Leonhard Euler (15 April 1707 – 18 September 1783) was a pioneering Swiss mathematician and physicist. He made important discoveries in fields as diverse as infinitesimal calculus and graph theory. He also introduced much of the modern mathematical terminology and notation, particularly for mathematical analysis, such as the notion of a mathematical function.  He is also renowned for his work in mechanics, fluid dynamics, optics, and astronomy.

Euler is considered to be the pre-eminent mathematician of the 18th century and one of the greatest mathematicians ever. He is also one of the most prolific mathematicians ever; his collected works fill 60–80 quarto volumes.  He spent most of his adult life in St. Petersburg, Russia, and in Berlin, Prussia.

Lorenz Christoph Mizler von Kolof (26 July 1711 – 8 May 1778)  was a German physician, historian, printer, mathematician, Baroque music composer, and precursor of the Polish Enlightenment.    Mizler, an amateur composer, was deeply interested in music theory, advocating the establishment of a musical science based firmly on mathematics; philosophy; and the imitation of nature in music.
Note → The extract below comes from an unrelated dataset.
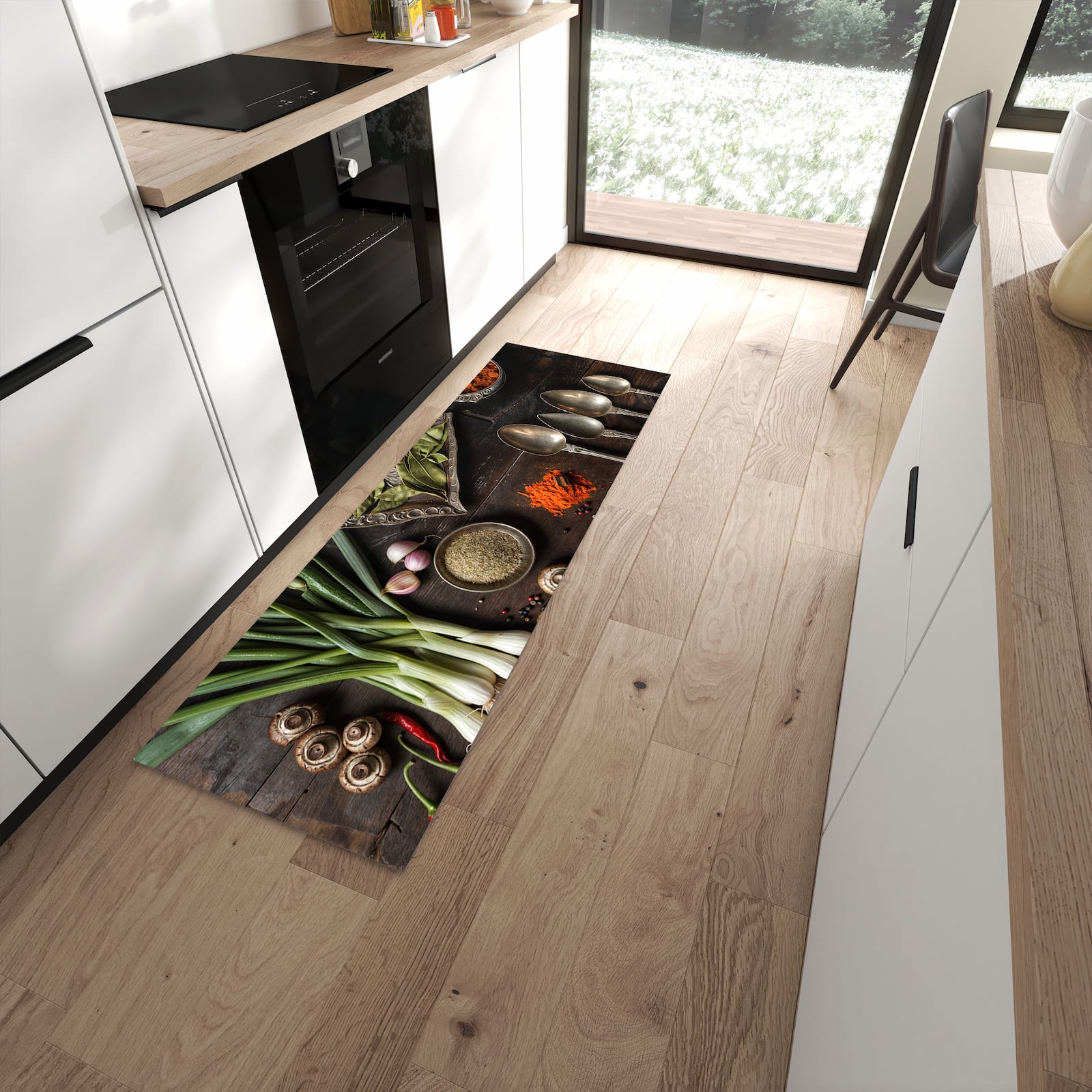 Komfortabler waschbarer Küchenteppich mit Motiv Kochen Leidenschaft in moderner Küche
He founded the Correspondierende Societät der musicalischen Wissenschaften (de) (or “Corresponding Society of the Musical Sciences”) in 1738. Its aim was to enable musical scholars to circulate theoretical papers in order to further musical science by encouraging discussion of the papers via correspondence. The entry requirements of this society resulted in both the famous 1746/1748 Haussmann portrait of Bach and his Canonic Variations on “Vom Himmel hoch da komm’ ich her” for organ, BWV 769.  George Frideric Handel was also a member.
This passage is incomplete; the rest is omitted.